In March 2021, ISRO plans to launch its third lunar mission: chandrayaan-3. Chandrayaan-1, launched in 2008, is one of the first major missions of India’s space programme. The mission, consisting of an orbiter and a surface penetrating probe, is one of the first to confirm evidence of water on the moon.
Unfortunately, less than a year later, contact with the satellite was lost. Sadly, its successor, chandrayaan-2, which consists of an orbiter, a lander (Vikram) and a lunar rover (pragyan), also suffered a similar accident.
Chandrayaan-3 announced a few months later. It will consist of only one lander and one lunar rover, as the orbiter of the previous mission is still running and providing data.
If all goes well, chandrayaan-3 will land in the Aitken basin at the moon’s south pole.
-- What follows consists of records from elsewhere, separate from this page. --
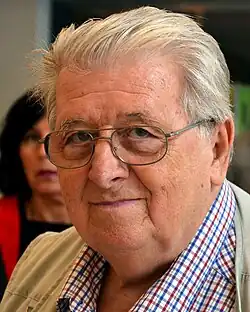 Jiří Všetečka (2014)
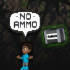 ammo ammo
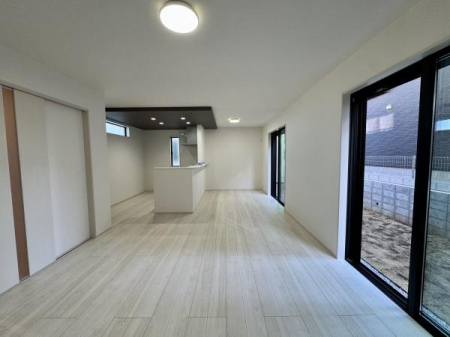 ���r���O�@-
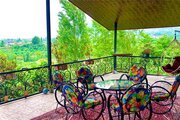 ویلا دوبلکس دوخواب ارسلان در روستای طلارسر غربی رامسر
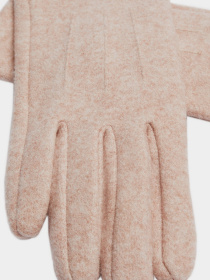 Варежки Parfois модель 5608348037396 Фото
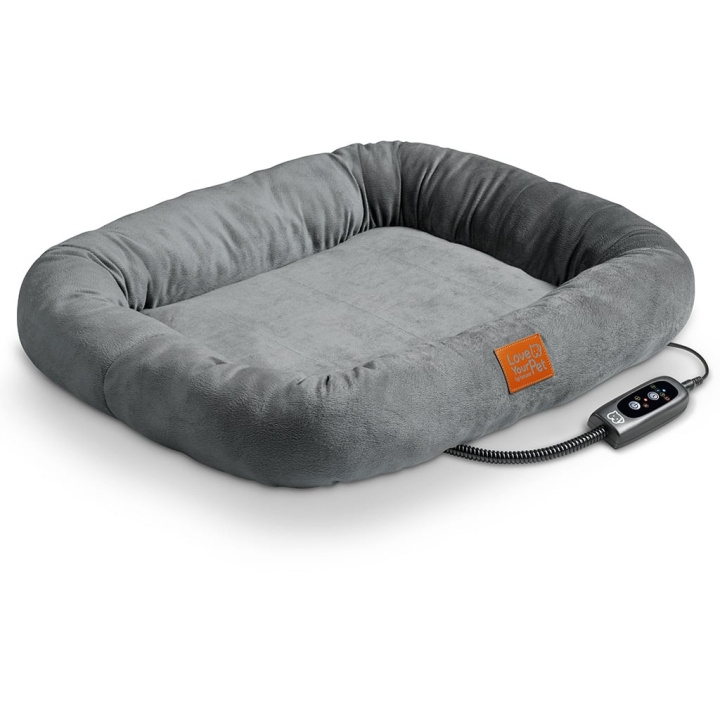 Beurer Verwarmingsmand voor huisdieren in de groep HUISHOUDEN & TUIN / Huisdieraccessoires / Hond bij TP E-commerce Nordic AB (D42581)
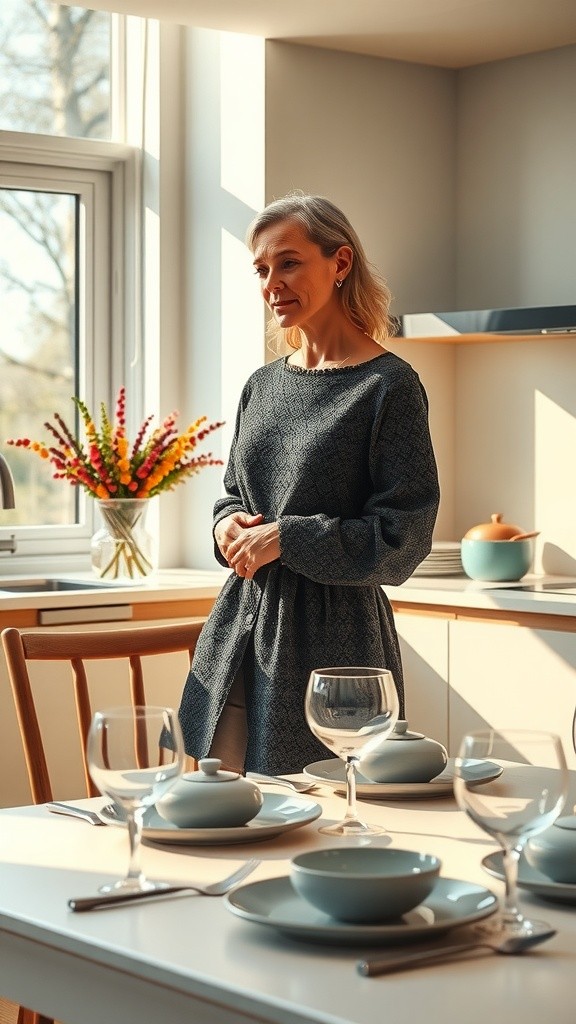 Healthy Vegetarian Meals Delivered to Your Home (copy) (copy)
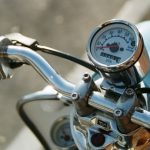 Moto, incivilité des motards, Nicolas Daragon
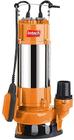 Bomba Agua Submersivel BSD1000 127V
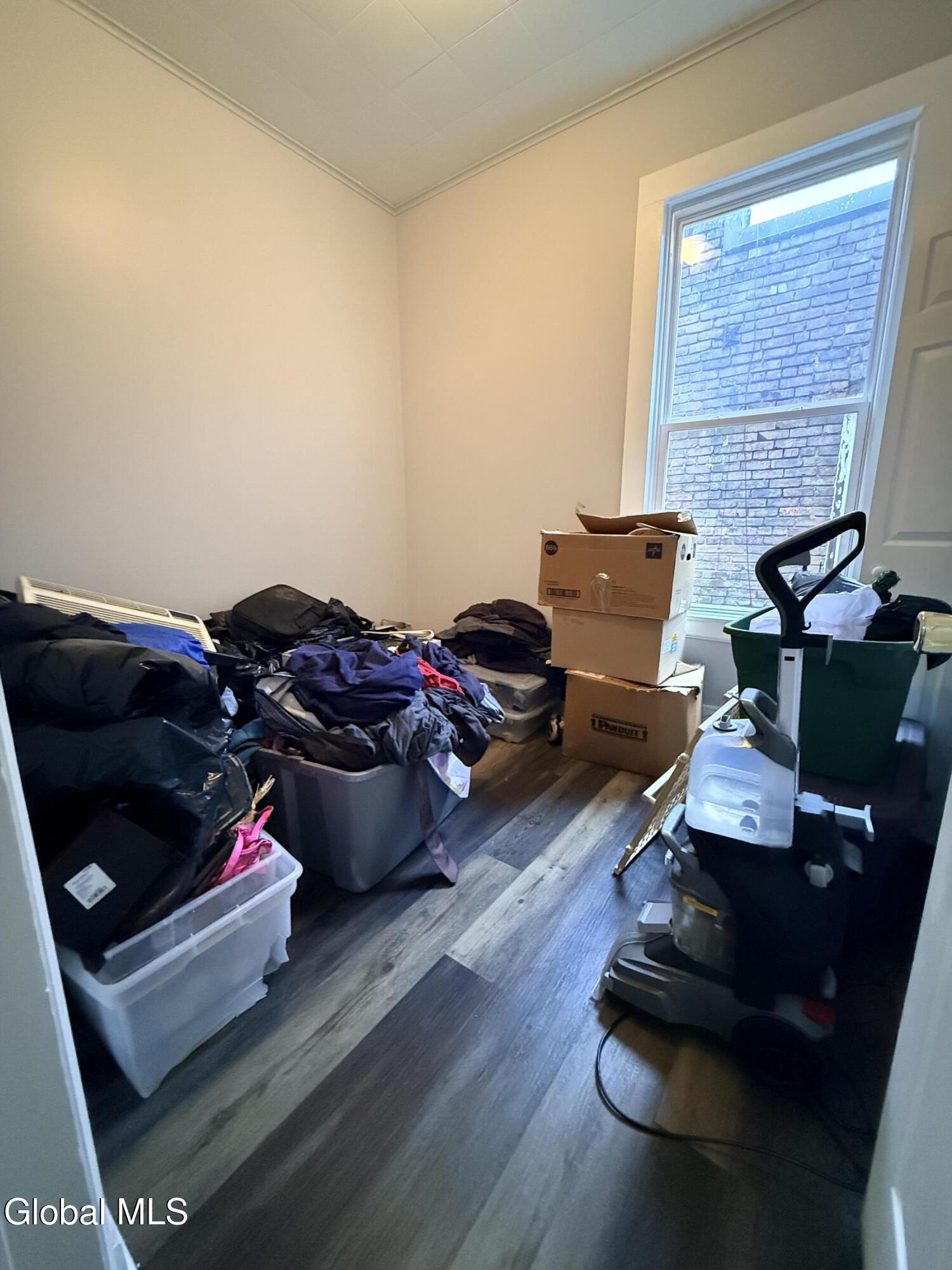 301 2nd Street Troy, NY 12180 - Photo 21 of 27 IMG_2019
This is particularly noteworthy because it is thought to have a large underground water ice deposit – an important part of any sustainable lunar habitation in the future.
James Webb Space Telescope

The James Webb Space Telescope is the successor of the Hubble Space Telescope, but its launch is not smooth. The launch of the Weber telescope was originally planned for 2007, but after significant underestimation and overspending, similar to the situation experienced by Hubble, it is nearly 14 years late and costs about $10 billion (7.4 billion pounds).
Hubble provides some amazing views of the universe in visible and ultraviolet light, while Weber plans to focus on infrared. The reason for this is that there is likely to be a gas cloud blocking the observation of really distant objects.
These clouds block really small wavelengths of light, such as X-rays and ultraviolet rays, while longer wavelengths, such as infrared, microwave and radio, can pass more easily. So by looking at these longer wavelengths, we should be able to see more of the universe.
Compared with Hubble’s 2.4-meter-diameter mirror, Weber also has a larger mirror with a diameter of 6.5 meters – which is crucial to improving image resolution and seeing finer details.
Weber’s main task is to observe the light from the galaxies on the edge of the universe, which can tell us how the first stars, galaxies and planetary systems formed. This may also include some information about the origin of life, because Weber is planning to conduct high-detail imaging of exoplanet atmospheres to find the components of life.
Maybe you can see some amazing images similar to those taken by the Hubble telescope. Weber currently plans to launch on October 31 aboard the Ariane 5 rocket.
In addition, NASA announced that SpaceX’s Dragon spacecraft plans to return to earth from the international space station on January 11. It is reported that this is the first time that the Dragon spacecraft has carried out the undocking operation of a commercial cargo spacecraft, and US astronaut Victor Glover will be responsible for the monitoring work at the space station. On this return, Longfei will carry 5200 pounds of scientific experimental equipment and other materials.
The turbulent year 2020 has passed, and the journey of 2021 may really be a sea of stars.
(statement: This article only represents the author’s point of view, not Sina’s position.)